Esfregando a mão direita na coxa, repara que na tela do telefone um ícone de alerta desponta, avisando sobre um acidente automobilístico à frente. Pela localização, é pouco antes do final da longa e retilínea avenida na qual transita. “Nossa, mas que proeza! Como alguém consegue bater o carro bem ali? Ainda é reta!”, mais uma vez fala consigo, surpresa. Como ainda há a previsão de uns vinte e tantos minutos até a chegada em casa, acelera sensivelmente o veículo, tencionando encurtar o tempo de viagem e saciar logo sua curiosidade a respeito do tolo acidente.

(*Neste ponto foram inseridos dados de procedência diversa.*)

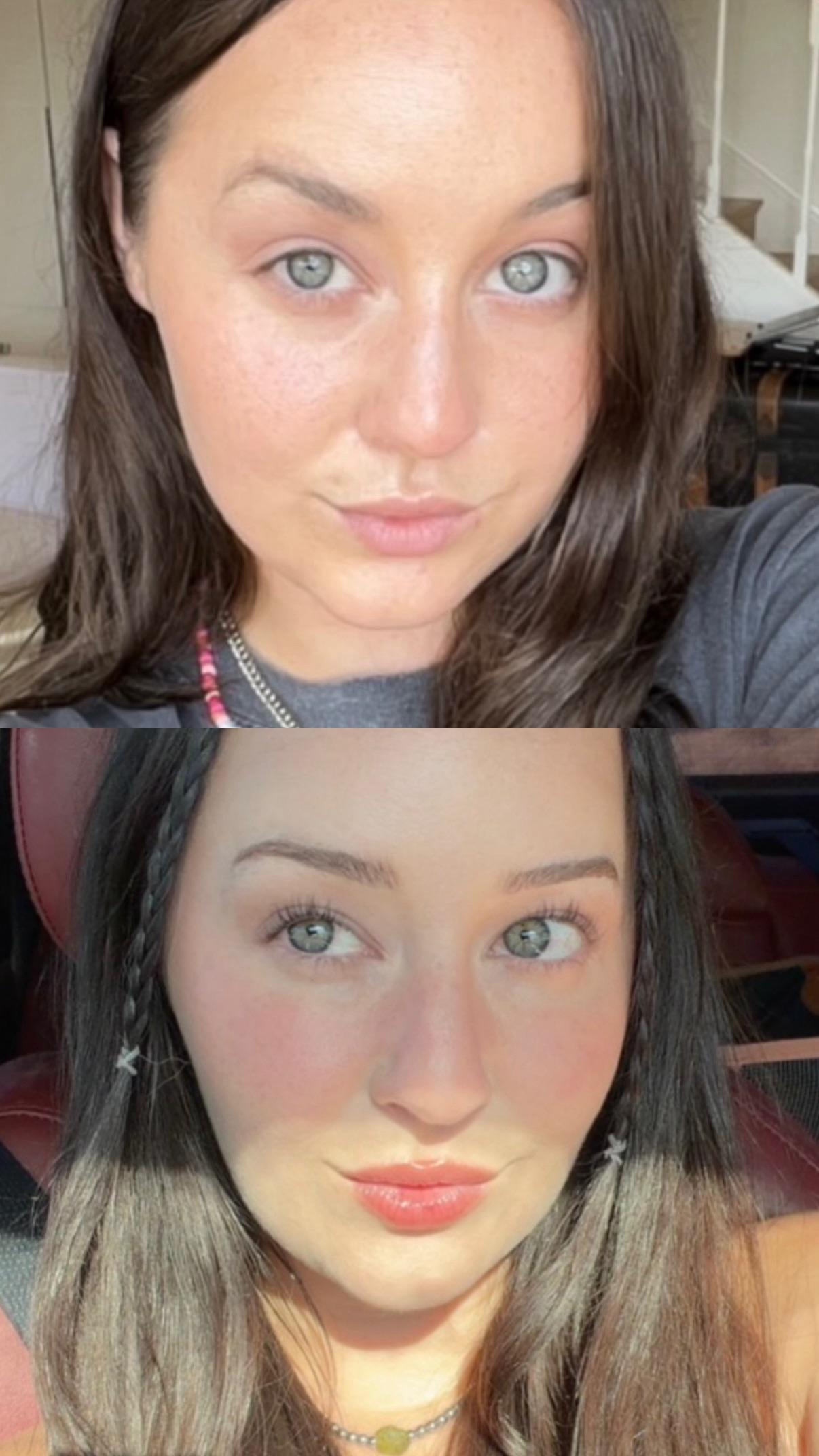 Top-before bottom-after comparison photo from the lower-face contouring Reddit post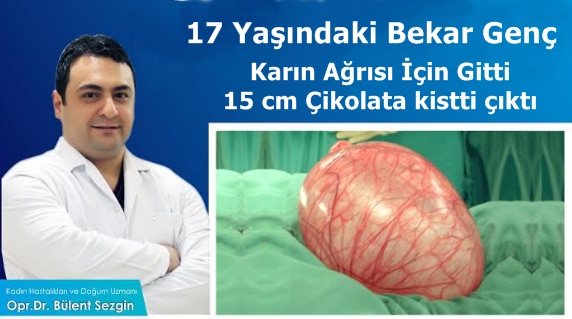 Karın Ağrısı için gitti,Karnında 15 Cm�lik Çikolata Kisti çıktı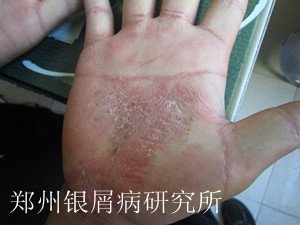 牛皮癣治疗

Conforme se aproxima do ponto indicado no mapa interativo, a jovem começa a vasculhar os arredores para ver onde foi o tal acidente: nada. Parece não haver batida em lugar nenhum. Ajeita os óculos e acirra a visão para vencer a miopia e a escuridão mal iluminada, mas parece que não há nada mesmo. “Ora, ora… Acho que o aplicativo está enganad…!”

CRASH!

Repentinamente, uma colisão. Distraída e veloz, sobe na calçada e acerta em cheio um poste, quase derrubando-o com o impacto. Como os fios foram violentamente sacudidos, alguns se rompem e mergulham a vizinhança em blecaute. Após a grave cacofonia de metais, plásticos e vidros sendo quebrados, e do agudo acorde dos pneus atritando contra o asfalto, segue-se a comprida e lúgubre nota da buzina acionada pela testa rachada da enfermeira, debruçada sobre o volante, morta instantaneamente pela sua curiosidade e imprudência.

Morreu sem saber que o acidente do GPS era o seu.